• [EXERCISE GOAL]: Starting at the line with "10 Idol K-Pop" and going on through the line with "Gem hiuggie hoops", reproduce each line in the records below exactly and nothing more.

START DATA PROVIDED

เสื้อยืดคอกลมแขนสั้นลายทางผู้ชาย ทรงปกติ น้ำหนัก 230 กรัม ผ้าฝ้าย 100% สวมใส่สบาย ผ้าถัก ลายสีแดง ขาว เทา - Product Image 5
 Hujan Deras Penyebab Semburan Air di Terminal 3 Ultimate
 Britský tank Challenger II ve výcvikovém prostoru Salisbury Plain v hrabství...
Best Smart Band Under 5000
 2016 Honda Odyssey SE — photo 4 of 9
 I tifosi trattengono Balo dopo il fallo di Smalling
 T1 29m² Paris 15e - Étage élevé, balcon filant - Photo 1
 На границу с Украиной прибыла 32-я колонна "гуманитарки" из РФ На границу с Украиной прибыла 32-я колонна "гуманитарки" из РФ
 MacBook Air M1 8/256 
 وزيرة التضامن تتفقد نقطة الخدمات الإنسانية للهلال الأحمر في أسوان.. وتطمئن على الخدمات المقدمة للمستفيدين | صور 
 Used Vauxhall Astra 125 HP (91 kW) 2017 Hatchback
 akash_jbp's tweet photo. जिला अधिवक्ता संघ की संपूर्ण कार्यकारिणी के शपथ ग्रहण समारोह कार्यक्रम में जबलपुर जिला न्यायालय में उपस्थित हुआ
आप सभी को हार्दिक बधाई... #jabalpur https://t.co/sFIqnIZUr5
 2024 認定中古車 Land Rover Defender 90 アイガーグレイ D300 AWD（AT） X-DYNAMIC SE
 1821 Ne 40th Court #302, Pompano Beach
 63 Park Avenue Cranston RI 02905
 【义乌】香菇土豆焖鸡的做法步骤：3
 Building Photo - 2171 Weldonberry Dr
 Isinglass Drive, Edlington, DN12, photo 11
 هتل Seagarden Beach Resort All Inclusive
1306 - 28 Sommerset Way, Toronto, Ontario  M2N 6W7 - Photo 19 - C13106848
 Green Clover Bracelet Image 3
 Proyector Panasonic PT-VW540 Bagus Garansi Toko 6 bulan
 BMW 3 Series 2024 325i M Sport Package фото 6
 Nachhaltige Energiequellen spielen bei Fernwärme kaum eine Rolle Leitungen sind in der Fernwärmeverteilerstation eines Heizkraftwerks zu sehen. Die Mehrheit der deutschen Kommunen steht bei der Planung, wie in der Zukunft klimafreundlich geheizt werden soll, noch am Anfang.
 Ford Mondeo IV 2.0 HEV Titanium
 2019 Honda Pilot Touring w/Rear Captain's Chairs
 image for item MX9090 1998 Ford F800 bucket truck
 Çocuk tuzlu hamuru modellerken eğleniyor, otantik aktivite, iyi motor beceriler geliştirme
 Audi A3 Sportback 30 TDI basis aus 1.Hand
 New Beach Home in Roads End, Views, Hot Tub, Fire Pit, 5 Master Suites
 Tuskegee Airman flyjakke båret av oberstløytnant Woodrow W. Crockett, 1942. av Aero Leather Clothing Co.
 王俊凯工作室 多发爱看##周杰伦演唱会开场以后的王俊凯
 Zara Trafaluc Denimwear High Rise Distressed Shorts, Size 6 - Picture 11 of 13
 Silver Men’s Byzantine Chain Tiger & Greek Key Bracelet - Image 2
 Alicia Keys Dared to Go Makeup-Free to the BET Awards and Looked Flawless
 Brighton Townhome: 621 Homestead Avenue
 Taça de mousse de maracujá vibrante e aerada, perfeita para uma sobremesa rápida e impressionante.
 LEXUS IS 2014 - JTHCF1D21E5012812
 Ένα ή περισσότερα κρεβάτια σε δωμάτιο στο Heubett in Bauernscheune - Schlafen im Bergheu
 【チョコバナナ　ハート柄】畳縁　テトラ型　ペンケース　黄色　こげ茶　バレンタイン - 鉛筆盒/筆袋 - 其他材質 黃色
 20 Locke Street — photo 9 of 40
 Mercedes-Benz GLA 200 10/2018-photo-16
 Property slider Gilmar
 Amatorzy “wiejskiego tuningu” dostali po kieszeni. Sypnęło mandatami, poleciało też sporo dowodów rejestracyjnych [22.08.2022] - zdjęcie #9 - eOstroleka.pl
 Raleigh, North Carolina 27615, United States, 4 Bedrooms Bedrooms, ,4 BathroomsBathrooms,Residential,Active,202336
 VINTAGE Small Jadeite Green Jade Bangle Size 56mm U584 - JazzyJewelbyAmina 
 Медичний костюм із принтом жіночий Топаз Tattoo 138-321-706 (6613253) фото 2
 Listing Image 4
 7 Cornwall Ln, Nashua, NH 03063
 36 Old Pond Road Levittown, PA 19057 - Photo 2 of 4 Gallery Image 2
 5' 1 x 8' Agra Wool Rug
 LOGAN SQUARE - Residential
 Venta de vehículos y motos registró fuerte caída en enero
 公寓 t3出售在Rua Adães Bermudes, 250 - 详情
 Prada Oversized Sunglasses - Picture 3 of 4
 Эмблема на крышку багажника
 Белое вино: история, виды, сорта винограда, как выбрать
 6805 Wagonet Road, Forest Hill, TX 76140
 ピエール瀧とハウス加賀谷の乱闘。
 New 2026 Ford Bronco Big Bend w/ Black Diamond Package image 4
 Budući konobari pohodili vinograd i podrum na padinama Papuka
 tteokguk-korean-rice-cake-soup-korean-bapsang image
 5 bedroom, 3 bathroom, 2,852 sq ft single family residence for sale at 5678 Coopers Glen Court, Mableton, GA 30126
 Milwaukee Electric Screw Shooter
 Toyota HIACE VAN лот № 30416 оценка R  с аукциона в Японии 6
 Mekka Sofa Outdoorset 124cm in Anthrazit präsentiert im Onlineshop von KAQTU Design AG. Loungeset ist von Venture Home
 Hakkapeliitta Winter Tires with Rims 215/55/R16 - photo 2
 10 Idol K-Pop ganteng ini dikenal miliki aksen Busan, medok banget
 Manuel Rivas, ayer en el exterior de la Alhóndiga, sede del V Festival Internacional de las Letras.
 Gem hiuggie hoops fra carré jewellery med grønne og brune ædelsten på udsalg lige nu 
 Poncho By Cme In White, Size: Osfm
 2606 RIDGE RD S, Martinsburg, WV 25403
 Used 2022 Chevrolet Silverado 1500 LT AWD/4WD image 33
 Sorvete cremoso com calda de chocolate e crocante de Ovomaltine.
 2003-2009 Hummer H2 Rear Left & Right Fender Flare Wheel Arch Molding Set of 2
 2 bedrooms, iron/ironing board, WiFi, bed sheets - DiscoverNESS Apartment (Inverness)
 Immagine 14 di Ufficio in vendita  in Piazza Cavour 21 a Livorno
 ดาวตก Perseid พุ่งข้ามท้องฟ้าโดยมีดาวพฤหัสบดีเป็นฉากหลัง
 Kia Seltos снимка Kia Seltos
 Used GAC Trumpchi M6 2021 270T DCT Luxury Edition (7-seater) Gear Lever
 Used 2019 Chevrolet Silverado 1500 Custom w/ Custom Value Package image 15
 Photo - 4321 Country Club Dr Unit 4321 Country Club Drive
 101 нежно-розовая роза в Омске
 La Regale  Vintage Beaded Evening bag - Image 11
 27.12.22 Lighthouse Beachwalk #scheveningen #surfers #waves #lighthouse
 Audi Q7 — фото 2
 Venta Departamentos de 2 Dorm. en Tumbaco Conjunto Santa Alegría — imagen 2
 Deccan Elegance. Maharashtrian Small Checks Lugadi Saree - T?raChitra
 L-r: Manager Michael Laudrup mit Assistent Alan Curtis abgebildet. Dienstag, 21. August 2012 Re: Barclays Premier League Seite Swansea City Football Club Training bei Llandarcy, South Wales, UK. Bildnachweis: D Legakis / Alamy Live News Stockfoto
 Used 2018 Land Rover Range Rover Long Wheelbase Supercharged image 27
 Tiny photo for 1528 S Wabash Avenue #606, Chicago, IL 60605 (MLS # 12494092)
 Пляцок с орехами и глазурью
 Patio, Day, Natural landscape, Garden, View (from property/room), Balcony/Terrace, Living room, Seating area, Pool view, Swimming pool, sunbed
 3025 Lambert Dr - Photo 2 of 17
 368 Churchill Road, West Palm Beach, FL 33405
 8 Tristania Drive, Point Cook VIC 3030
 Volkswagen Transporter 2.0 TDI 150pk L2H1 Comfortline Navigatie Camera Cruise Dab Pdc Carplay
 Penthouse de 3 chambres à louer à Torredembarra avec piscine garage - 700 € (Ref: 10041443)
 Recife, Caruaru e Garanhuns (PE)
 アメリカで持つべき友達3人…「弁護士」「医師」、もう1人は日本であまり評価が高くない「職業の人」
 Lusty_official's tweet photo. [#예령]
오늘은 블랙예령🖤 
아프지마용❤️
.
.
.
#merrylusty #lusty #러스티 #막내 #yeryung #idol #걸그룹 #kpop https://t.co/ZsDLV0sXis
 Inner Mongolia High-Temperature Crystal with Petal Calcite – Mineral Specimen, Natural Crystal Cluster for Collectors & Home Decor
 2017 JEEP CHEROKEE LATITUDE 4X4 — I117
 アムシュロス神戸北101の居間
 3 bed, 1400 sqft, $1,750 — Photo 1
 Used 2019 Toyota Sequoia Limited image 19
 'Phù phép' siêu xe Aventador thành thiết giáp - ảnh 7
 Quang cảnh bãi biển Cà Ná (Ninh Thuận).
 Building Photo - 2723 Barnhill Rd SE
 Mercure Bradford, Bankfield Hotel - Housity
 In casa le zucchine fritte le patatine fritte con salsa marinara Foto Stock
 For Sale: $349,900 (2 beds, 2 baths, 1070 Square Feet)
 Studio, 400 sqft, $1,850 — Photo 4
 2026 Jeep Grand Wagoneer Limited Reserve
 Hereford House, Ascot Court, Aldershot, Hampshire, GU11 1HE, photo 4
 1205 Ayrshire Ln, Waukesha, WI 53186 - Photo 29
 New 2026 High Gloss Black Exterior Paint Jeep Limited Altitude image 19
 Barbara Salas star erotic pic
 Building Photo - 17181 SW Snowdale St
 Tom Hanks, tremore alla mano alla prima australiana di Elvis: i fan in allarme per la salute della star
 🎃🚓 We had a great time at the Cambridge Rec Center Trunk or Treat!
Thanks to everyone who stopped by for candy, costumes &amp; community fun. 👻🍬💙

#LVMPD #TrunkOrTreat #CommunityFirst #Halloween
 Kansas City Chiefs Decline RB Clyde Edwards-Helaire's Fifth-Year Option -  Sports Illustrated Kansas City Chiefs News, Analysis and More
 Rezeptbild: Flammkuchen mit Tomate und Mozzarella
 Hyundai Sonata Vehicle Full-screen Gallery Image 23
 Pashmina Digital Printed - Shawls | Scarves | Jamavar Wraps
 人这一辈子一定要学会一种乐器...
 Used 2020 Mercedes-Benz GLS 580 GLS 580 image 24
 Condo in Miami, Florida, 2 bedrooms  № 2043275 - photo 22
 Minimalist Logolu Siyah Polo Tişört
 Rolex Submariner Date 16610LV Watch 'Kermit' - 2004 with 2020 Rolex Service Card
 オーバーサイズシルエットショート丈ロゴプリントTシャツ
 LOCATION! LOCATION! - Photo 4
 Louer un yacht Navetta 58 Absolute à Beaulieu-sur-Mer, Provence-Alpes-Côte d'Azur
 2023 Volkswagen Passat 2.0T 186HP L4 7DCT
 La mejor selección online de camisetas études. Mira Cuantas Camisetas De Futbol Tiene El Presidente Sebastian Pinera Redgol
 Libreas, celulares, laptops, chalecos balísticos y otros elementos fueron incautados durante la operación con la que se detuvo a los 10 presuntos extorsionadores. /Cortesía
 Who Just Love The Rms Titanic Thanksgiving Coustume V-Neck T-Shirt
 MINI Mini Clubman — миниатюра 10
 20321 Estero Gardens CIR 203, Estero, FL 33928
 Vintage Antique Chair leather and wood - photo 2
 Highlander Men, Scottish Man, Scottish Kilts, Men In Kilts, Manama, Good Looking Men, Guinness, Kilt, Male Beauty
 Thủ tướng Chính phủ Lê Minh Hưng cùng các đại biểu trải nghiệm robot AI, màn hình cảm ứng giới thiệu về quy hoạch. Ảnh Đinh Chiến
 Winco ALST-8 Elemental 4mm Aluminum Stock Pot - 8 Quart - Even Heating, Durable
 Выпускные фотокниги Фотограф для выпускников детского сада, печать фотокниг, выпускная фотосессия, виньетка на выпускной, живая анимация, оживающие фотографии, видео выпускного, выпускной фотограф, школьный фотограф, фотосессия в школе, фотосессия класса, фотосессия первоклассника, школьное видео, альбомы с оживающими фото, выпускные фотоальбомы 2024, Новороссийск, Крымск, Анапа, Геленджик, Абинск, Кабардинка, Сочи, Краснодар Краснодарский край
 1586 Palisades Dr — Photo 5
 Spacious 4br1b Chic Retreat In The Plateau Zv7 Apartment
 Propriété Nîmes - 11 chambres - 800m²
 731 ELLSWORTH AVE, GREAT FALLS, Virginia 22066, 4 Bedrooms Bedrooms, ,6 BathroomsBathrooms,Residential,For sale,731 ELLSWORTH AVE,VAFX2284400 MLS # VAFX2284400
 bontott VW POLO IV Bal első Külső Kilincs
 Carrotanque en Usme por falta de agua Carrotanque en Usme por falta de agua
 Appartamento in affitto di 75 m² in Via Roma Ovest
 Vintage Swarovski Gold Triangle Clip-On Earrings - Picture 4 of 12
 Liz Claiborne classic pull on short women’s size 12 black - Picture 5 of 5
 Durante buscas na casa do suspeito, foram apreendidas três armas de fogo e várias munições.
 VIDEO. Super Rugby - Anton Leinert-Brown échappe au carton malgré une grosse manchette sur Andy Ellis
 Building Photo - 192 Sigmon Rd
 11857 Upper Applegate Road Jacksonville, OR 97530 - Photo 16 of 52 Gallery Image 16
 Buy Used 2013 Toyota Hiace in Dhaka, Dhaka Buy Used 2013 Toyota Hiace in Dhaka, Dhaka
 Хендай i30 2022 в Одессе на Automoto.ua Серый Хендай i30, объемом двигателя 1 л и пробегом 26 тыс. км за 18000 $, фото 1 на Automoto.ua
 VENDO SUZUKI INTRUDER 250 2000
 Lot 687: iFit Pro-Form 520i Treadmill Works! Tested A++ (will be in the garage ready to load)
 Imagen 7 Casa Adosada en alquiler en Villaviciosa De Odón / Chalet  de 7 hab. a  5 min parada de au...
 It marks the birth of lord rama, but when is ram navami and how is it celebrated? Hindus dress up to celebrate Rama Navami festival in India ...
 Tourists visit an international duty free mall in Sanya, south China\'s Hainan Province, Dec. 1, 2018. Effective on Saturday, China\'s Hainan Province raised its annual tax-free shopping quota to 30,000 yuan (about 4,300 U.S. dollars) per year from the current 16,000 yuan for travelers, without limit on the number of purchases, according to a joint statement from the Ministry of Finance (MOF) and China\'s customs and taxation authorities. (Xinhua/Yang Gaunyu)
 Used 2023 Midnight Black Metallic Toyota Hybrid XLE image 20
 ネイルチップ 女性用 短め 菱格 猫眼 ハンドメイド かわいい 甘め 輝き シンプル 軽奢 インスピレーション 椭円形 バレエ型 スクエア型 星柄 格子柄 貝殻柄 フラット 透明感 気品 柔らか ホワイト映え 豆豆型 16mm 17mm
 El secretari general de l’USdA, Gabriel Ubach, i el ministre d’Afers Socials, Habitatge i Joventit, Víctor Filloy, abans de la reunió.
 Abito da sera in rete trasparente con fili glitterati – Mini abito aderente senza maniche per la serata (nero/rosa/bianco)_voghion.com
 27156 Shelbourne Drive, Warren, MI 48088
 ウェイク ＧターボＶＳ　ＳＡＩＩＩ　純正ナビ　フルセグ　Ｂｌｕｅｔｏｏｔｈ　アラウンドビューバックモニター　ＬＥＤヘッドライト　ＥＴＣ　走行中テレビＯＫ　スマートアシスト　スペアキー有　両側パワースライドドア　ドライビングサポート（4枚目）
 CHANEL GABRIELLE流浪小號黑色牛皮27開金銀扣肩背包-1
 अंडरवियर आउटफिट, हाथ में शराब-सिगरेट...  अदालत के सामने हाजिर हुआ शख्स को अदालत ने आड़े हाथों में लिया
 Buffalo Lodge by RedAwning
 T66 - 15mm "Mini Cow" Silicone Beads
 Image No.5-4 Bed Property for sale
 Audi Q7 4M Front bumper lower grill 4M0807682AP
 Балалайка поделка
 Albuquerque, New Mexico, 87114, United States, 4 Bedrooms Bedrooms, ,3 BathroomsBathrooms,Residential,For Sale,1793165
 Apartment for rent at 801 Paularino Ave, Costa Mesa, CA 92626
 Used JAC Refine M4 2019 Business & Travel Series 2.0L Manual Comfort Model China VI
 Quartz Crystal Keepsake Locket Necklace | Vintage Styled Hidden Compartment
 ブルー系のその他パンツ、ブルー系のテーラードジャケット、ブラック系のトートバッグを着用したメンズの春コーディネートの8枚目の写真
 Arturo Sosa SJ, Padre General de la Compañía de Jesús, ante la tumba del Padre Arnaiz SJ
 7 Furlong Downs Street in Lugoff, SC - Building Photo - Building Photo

END DATA PROVIDED

• [TASK SOLUTION]:
 10 Idol K-Pop ganteng ini dikenal miliki aksen Busan, medok banget
 Manuel Rivas, ayer en el exterior de la Alhóndiga, sede del V Festival Internacional de las Letras.
 Gem hiuggie hoops fra carré jewellery med grønne og brune ædelsten på udsalg lige nu 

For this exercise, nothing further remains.